Head of Advocacy & Public Relations for Syria Relief
On Friday (10th January 2020) the UN Security Council narrowly avoided a deadline which could have resulted in the halting of cross-border aid and a potential humanitarian catastrophe. However, whilst a solution was reached, it is far from ideal. In fact, for people in North East Syria, it could be catastrophic. Let me explain…
Resolution 2165 was adopted in July 2014, it established the cross-border aid delivery mechanism. 2165 had its mandate renewed in December 2018 with resolution 2449. However, this mandate was due to come to an end on January 10th.

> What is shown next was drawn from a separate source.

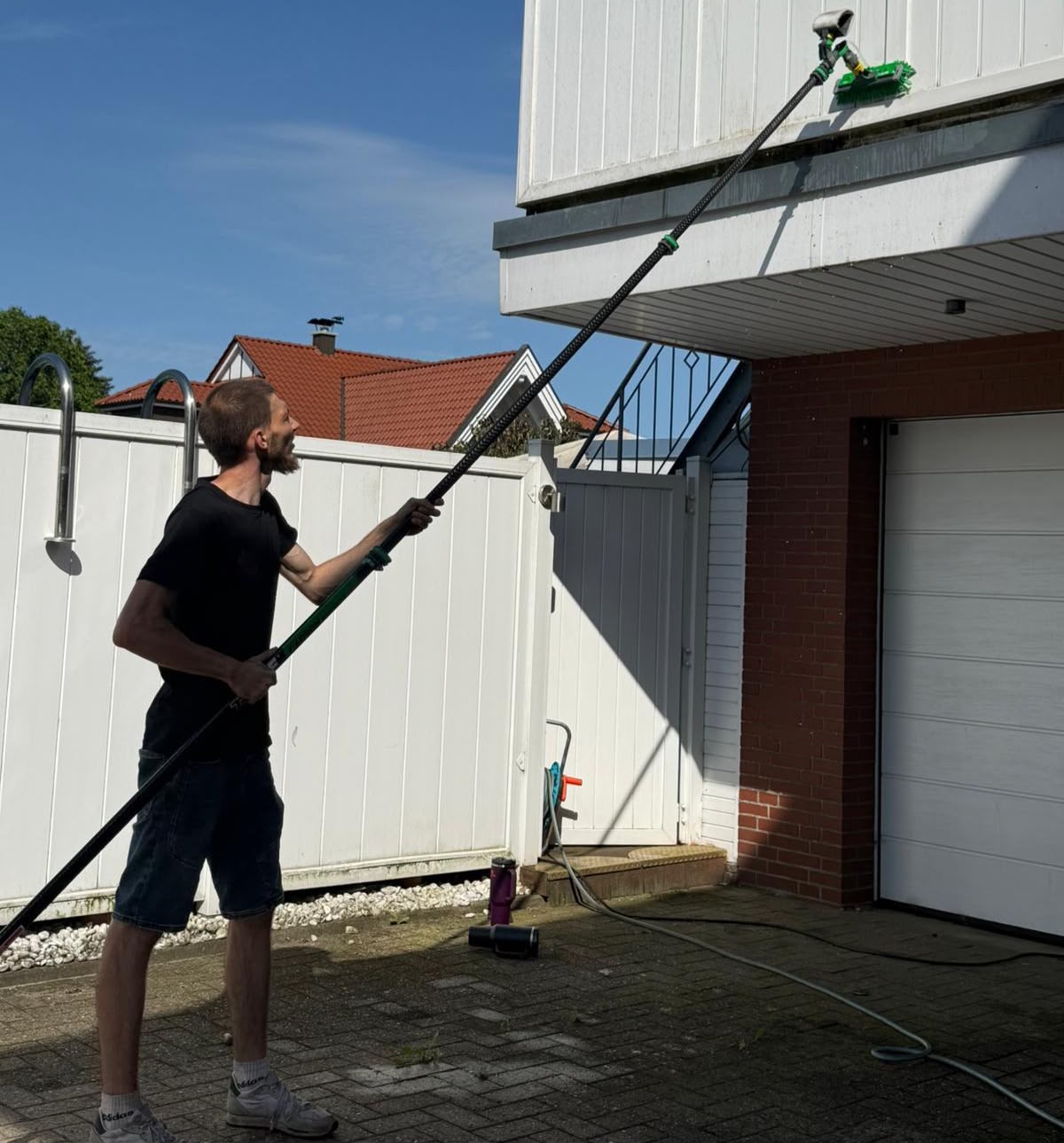 Fensterputzer aus Oldenburg reinigt eine Fassade mit der Teleskopstange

The original resolution authorised four border crossings for aid, Bab al-Salam and Bab al-Hawa on the Syrian border with Turkey, al-Yarubiyah on the Syrian border with Iraq, and al-Ramtha on the Syrian border with Jordan. It was the future status of these crossings which provided the area of contention.

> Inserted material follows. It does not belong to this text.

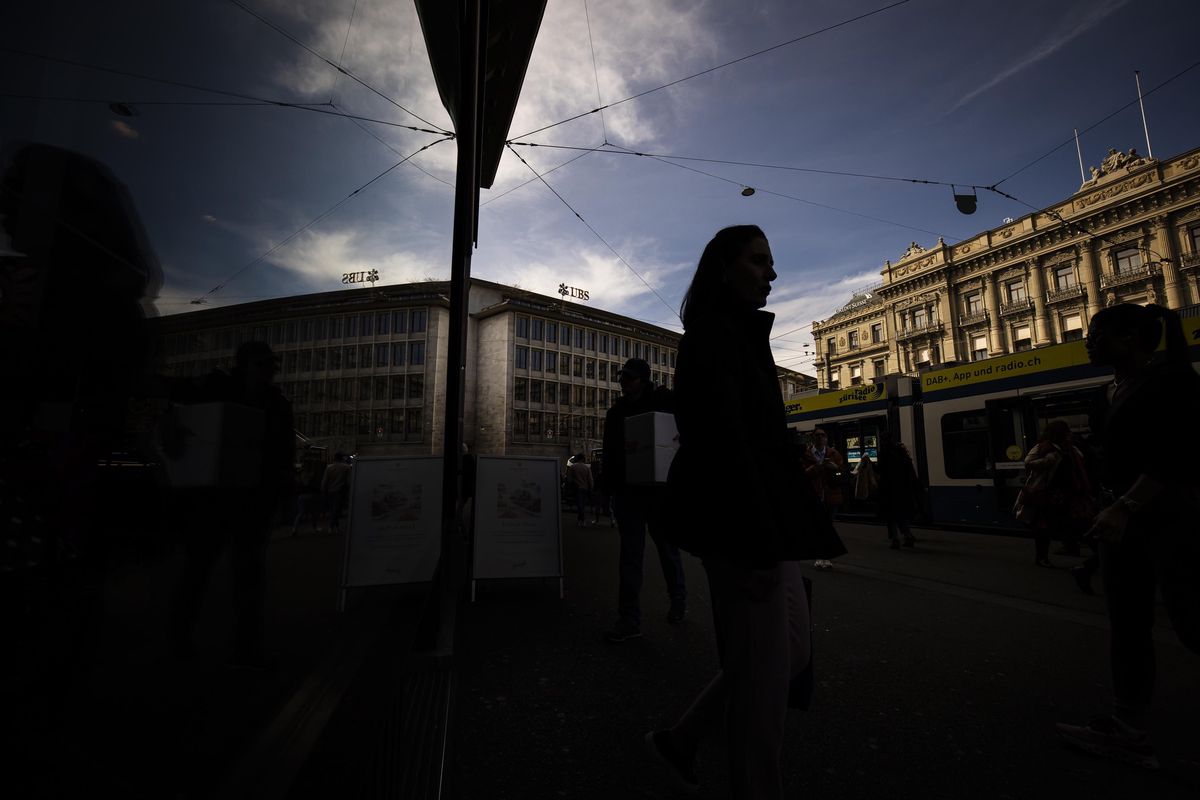 People walk past the headquarters of Swiss bank Credit Suisse, right, and UBS, left, at Paradeplatz in in Zurich, Switzerland on Saturday, March 18, 2023. (KEYSTONE/Michael Buholzer).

Prior to Friday there was two competing resolutions, one produced by Belgium and Germany, which wanted to reauthorise the two Syria/Turkey crossings and the Syria/Iraq crossing, closing the Syria/Jordan crossing for aid, and another resolution produced by Russia which wanted to only reauthorized the two Syria/Turkey crossings and closing both the Syria/Iraq and Syria/Jordan crossings for aid.
Generally speaking, the NGO community was more supportive of the Belgium and Germany resolution of the two options, as it meant better access to the people in need in the North East as well as the North West of Syria.

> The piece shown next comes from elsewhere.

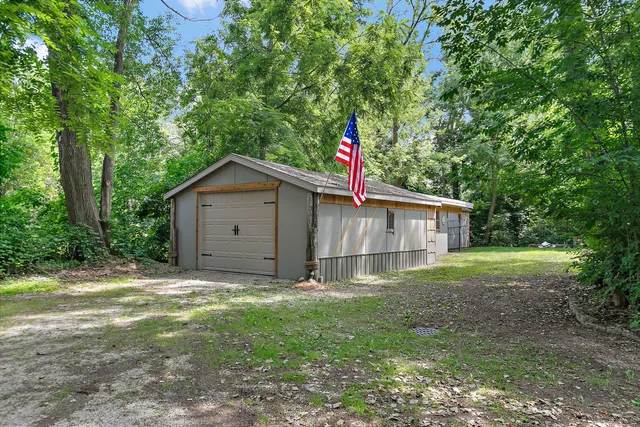 a backyard of a house with plants and large tree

Unfortunately, the decision was made to renew only the two Syria/Turkey crossings for a period of 6 months. Effectively stopping the border crossings with Iraq and Jordan to deliver aid.
This, in our eyes, is a miserable compromise, and represents the scaling back of humanitarian assistance to people in desperate need of that very aid. The timing is completely wrong too, over the past month the spiralling conflict in Idlib, compounded by severe winter weather, has caused more than 300,000 people to flee their homes.
This decision will make it harder for NGOs to access the 1.6 million people in North East Syria who are reliant on humanitarian assistance.
Another concern is the length of the renewal – previously, the periods have been for a year upwards, however if the precedent is now set to renew in only 6 month chunks, or less, then this will mean the suffering of the Syrian people will be compounded by greater uncertainty and short-termism. The last thing the Syrian people need is less stability.
However, we must focus on the work in hand, we still have 50% of the border crossings authorised and NGOs like Syria Relief are still able to deliver aid, even if we have been severely hindered by the decision. The international community’s focus in the immediate future should be helping the people who are in immediate danger in the escalating humanitarian crisis in Idlib and the people who have been flooded out of their tents they are forced to live in, due to the unforgiving winter climate.